岡田君は初めの中は趣味の建築家であつた、銅像の台座、室内装飾、小住宅、こういふものに趣味をもつて居つた(…)学校を出たての岡田君は学問を以て身をたてやうと考へて居つたらしい、従て設計の為に多くの時間を費すことを欲しないでいろいろ頼まれるものの中で自分の最も好きなもの丈けを研学の暇にものにして居つたやうだ(…)
東五軒町時代は少々違うが、確かに薬王寺町時代は「銅像の台座」ばかりやっていた印象がある。
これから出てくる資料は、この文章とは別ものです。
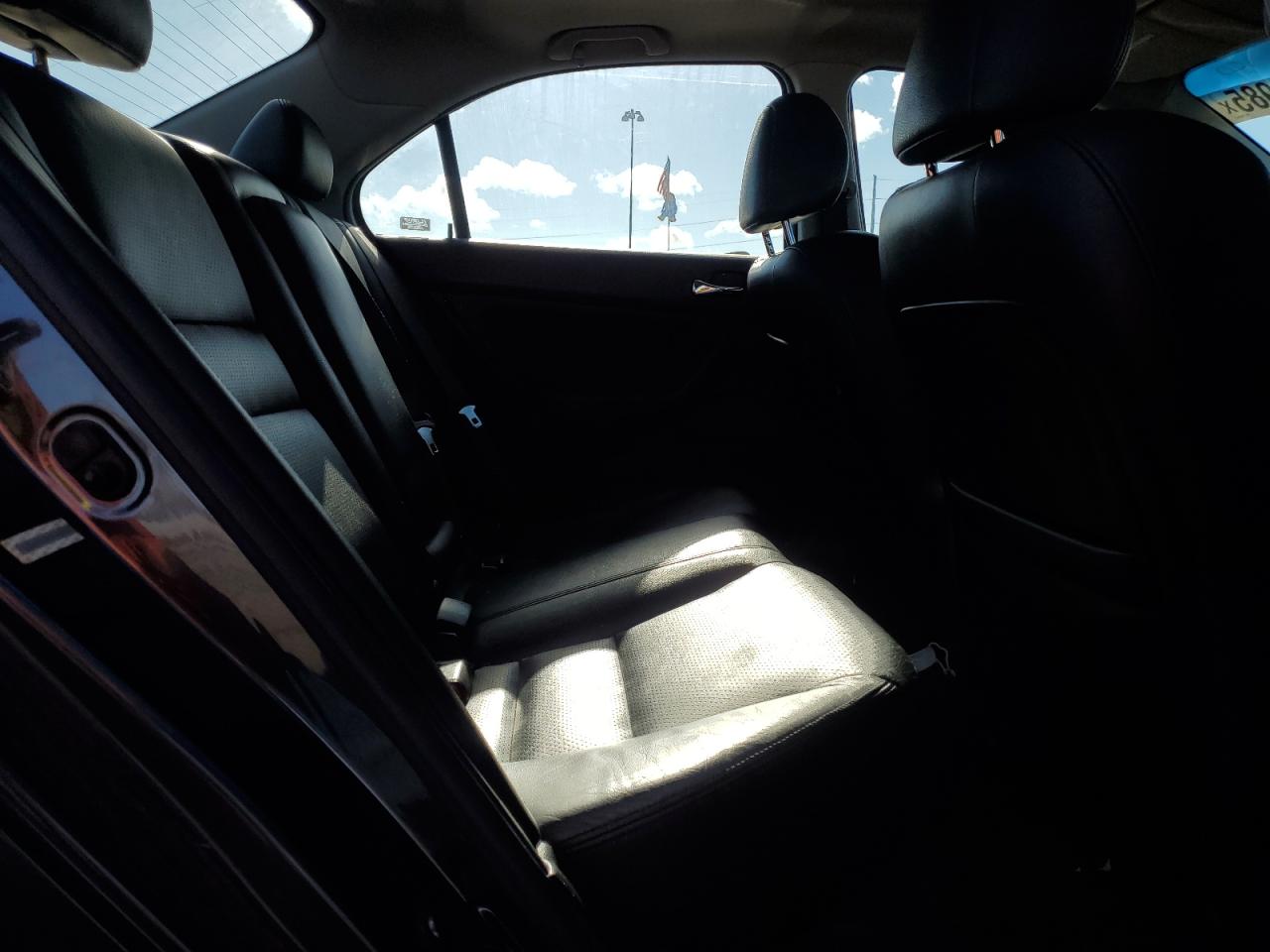 2008 Acura Tsx VIN: JH4CL96918C000354 Lot: 90089985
岡田君が学問を以てして立派に世の中に擢(ぬき)んで行ける人なることは申す迄もない、然し当時の岡田君にはそうしてやつて行ける様な適当な位置がなかつた、ある日僕は岡田君に「君は現在学問を主とし設計の方は単に余技としてやつて居る様だがこれを逆にいつてみる気はないか」と聞いてみた、「そんなことはおれはいやだ」といふのが岡田君の答であつた。いやなことをすゝめるのは好ましくはないが僕の考へではあの際どうも岡田君としては設計の方面へ向つて行く方が君の為めに有利だと思はれた
内田がその後も何度か説得を重ねたところ、
漸次に反対の議論はうすらいで来たのを感じた、その後半歳程たつてから岡田君が所謂建築士として働き出したことを聞いた
内田が説得に当たった時期はいつなのかが気になる。

「所謂建築士として働き出した」という言葉は具体的に何を指すのだろうか。
・1918年10月~1919年2月の長野宇平治の外遊中、事務所長代理を引き受けたことを指す?
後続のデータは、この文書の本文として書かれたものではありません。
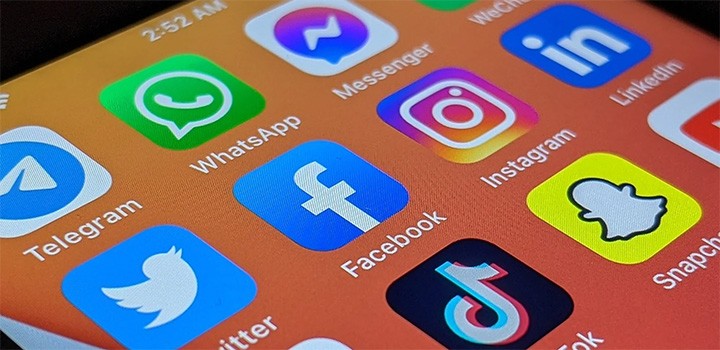 Cinco razones para elegir Telegram antes que WhatsApp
・1919年に岡田が美術館や市村座の計画案を作成したことを指す?
・1920年8月頃、神楽町に転居したことを指す?

内田の回想しか資料がないので、何とも言えないが、岡田が長野の事務所長代理を引き受けたのも、内田の説得を受けて設計実務中心に転換するつもりになったからではないか?とも想像しているが、どうだろうか。

その後、岡田・内田の恩師でもある中村達太郎教授は、1920年11月に満60歳で退官した。
内田は1921年1月に教授に昇任し、逓信省にいた岩元禄が同じ月に助教授に就任した。